Problem requirements - Return the listing below exactly. Leave its pictures out.

Provided data -
=== Begin Enclosure ===

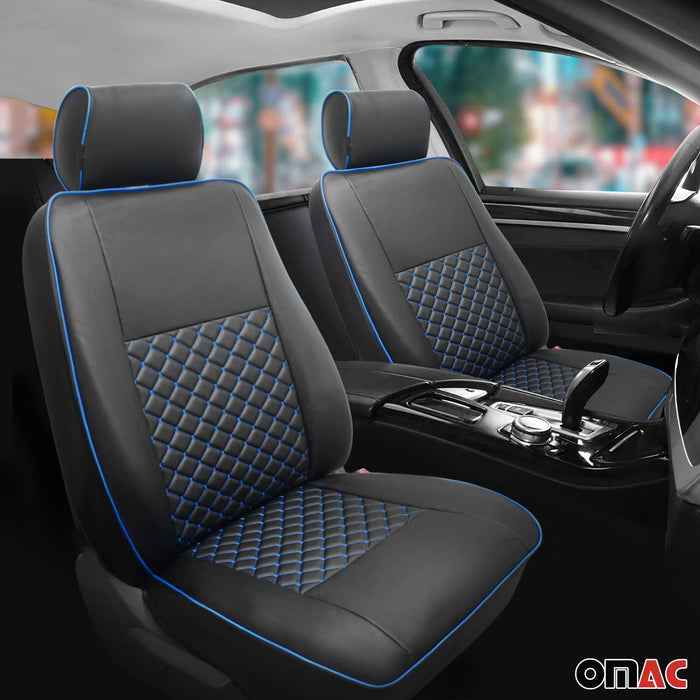 Leather Front Car Seat Covers Protector for VW Eurovan 1993-2003 Black Blue 1+1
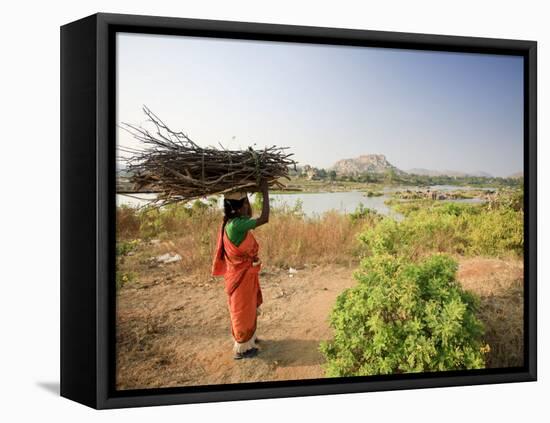 Woman Working Near Hampi, Karnataka, India-Michele Falzone-Framed Premier Image Canvas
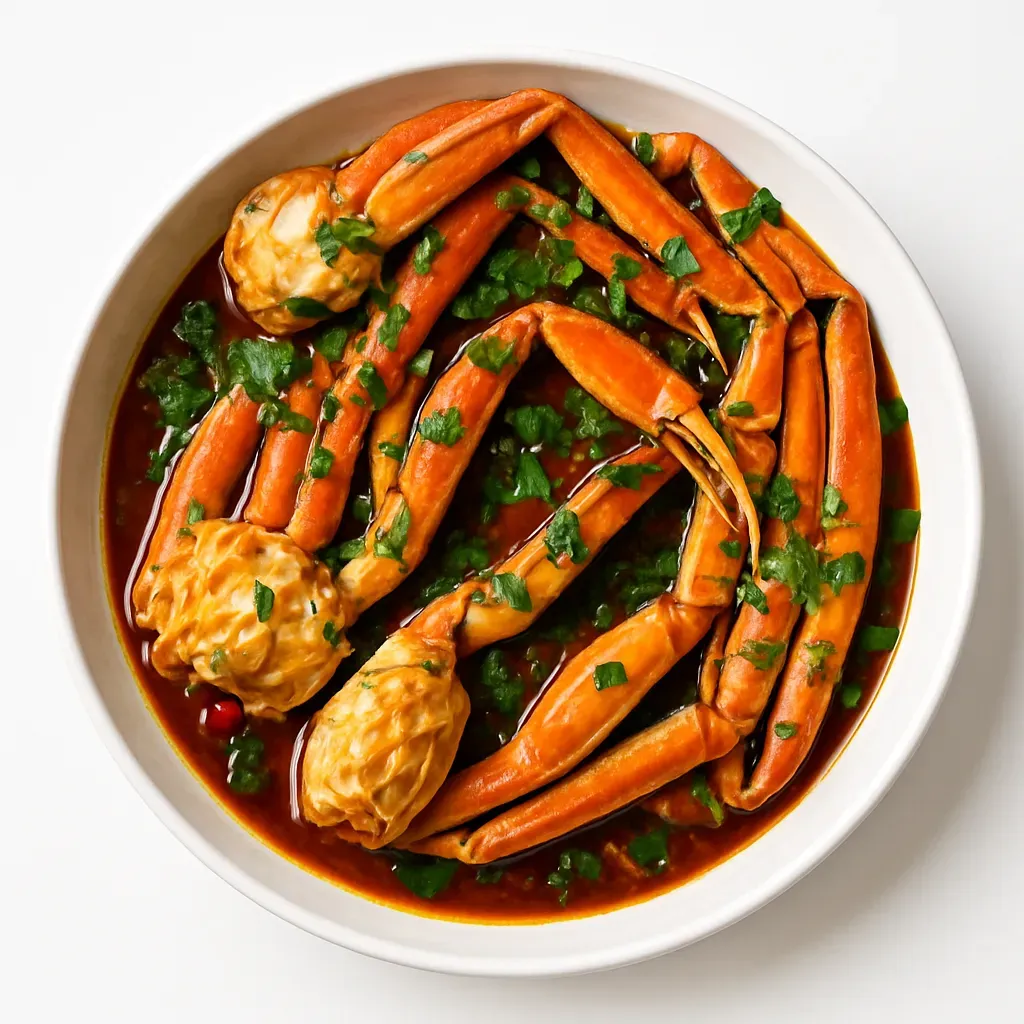 A vibrant and flavorful dish inspired by Singapore-Style Chili Crab, featuring tender New Brunswick Snow Crab in a spicy, savory, and slightly sweet sauce.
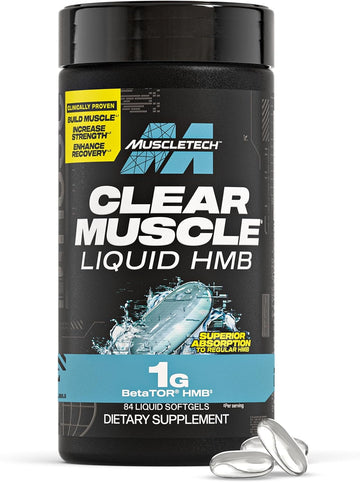 Muscletech Hmb Supplements 1000Mg, Clear Muscle (84 Liquid Softgels) - Highest Grade Hmb For Lean Muscle & Recovery - Hmb Free Acid Muscle Supplement - Help Decrease Muscle Breakdown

=== End Enclosure ===

Task result -
 Leather Front Car Seat Covers Protector for VW Eurovan 1993-2003 Black Blue 1+1
 Woman Working Near Hampi, Karnataka, India-Michele Falzone-Framed Premier Image Canvas
 A vibrant and flavorful dish inspired by Singapore-Style Chili Crab, featuring tender New Brunswick Snow Crab in a spicy, savory, and slightly sweet sauce.
 Muscletech Hmb Supplements 1000Mg, Clear Muscle (84 Liquid Softgels) - Highest Grade Hmb For Lean Muscle & Recovery - Hmb Free Acid Muscle Supplement - Help Decrease Muscle Breakdown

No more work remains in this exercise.